Top of Information supplied

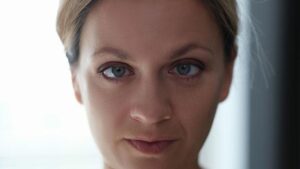 Göz Sağlığı ile Beyin ve Sinir Sistemi Arasındaki Etkileşimler: Ani Göz Şikayetlerinin Nedenleri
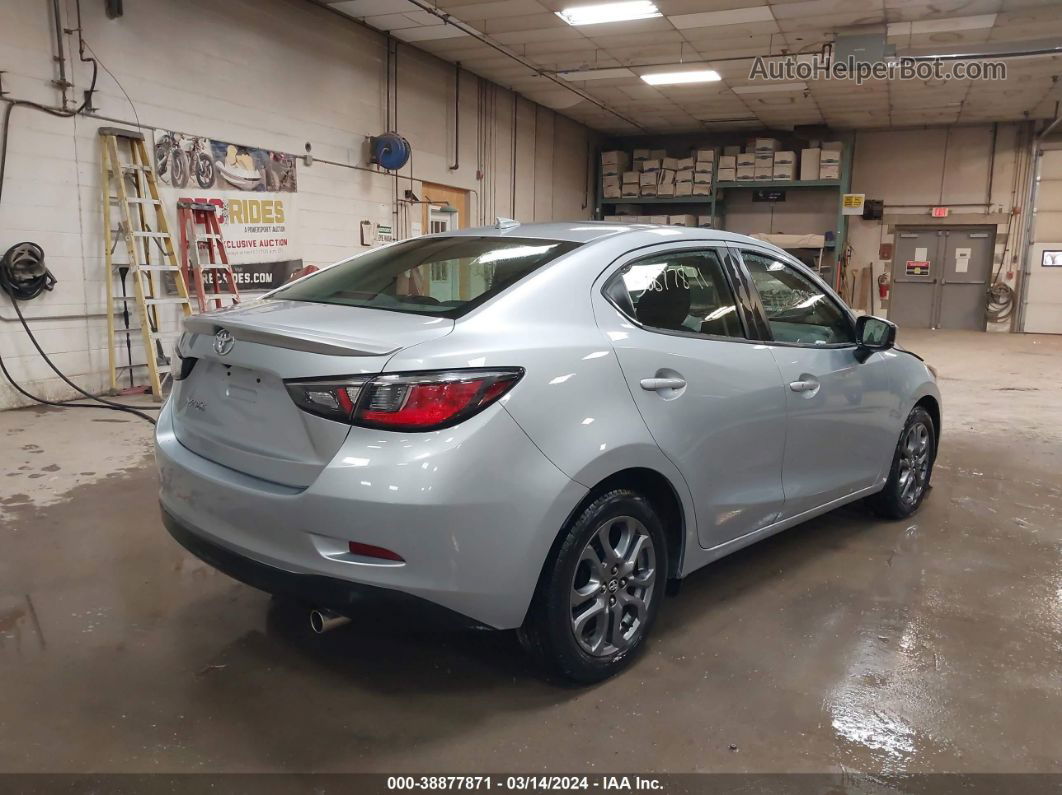 2019 Toyota Yaris Le Silver vin: 3MYDLBYV3KY526704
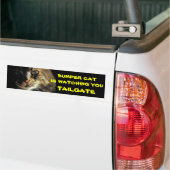 Bumper Cat kijkt naar TAILGATE 23 Bumpersticker (Op Truck)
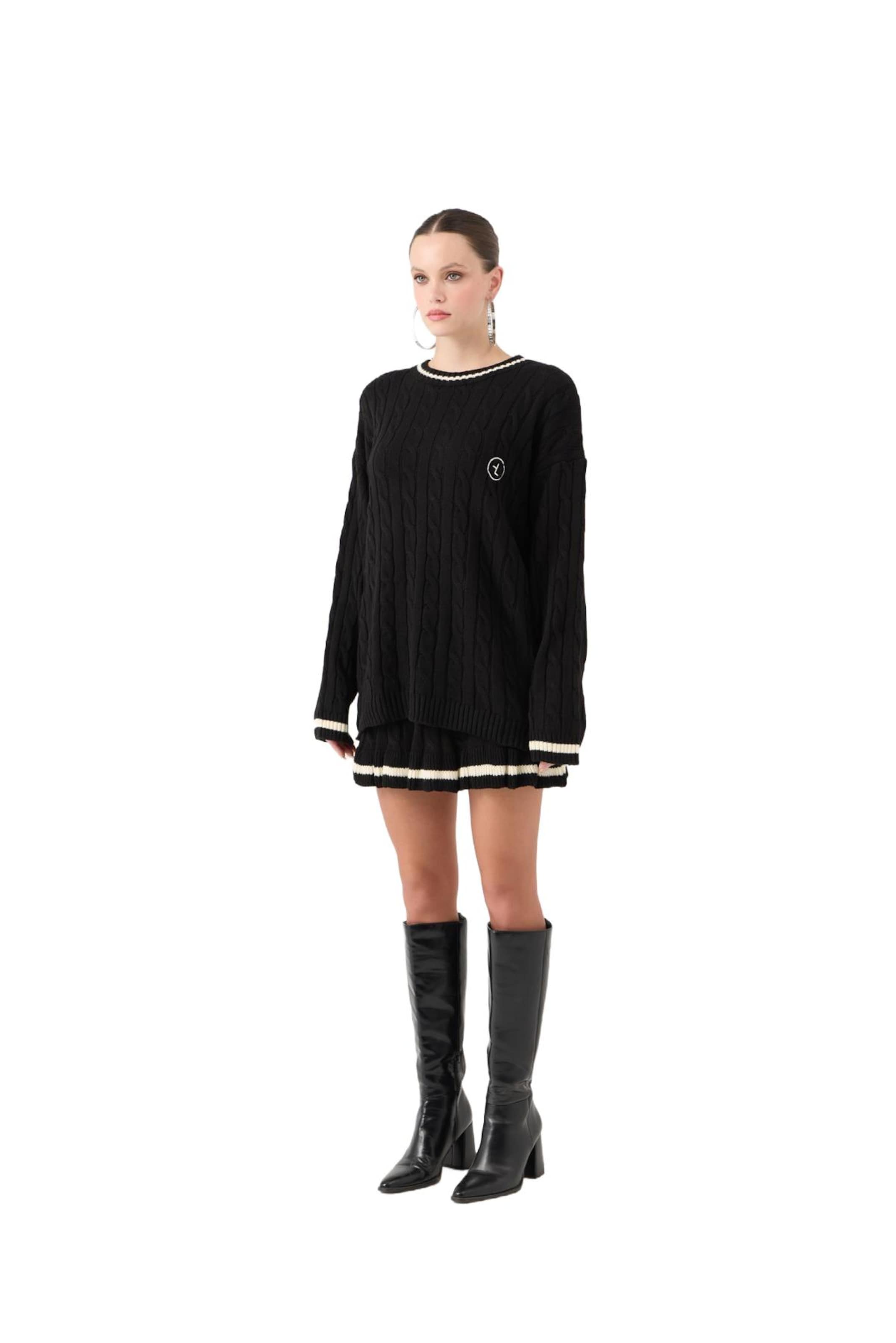 HOLLY LOLLY Sweater in Black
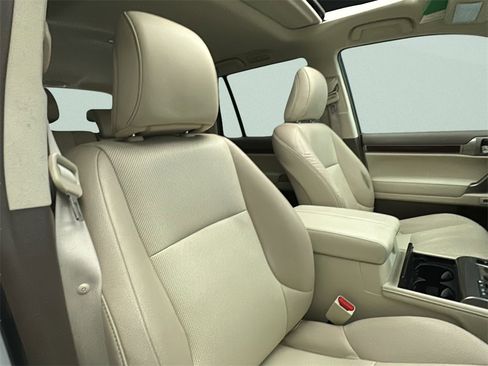 Used 2018 Lexus GX 460 Premium w/ Premium Package image 18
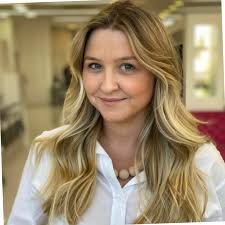 Olivia Dolphin Email & Phone Number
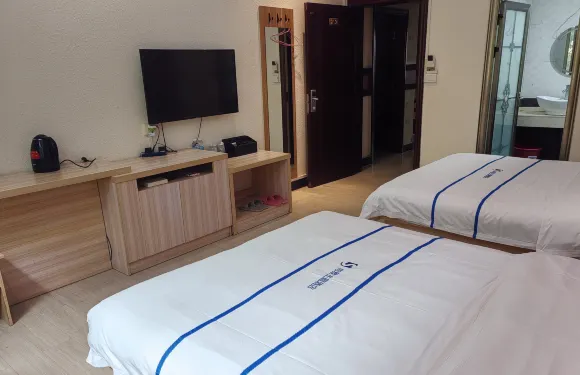 富寧尚雅主題酒店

Bottom of Information supplied

- Description of the task: For this exercise, write out exactly the lines from the one with "2019 Toyota Yaris" through the last line of the records, inclusive, and leave each picture out.

- The completed task:
 2019 Toyota Yaris Le Silver vin: 3MYDLBYV3KY526704
 Bumper Cat kijkt naar TAILGATE 23 Bumpersticker (Op Truck)
 HOLLY LOLLY Sweater in Black
 Used 2018 Lexus GX 460 Premium w/ Premium Package image 18
 Olivia Dolphin Email & Phone Number
 富寧尚雅主題酒店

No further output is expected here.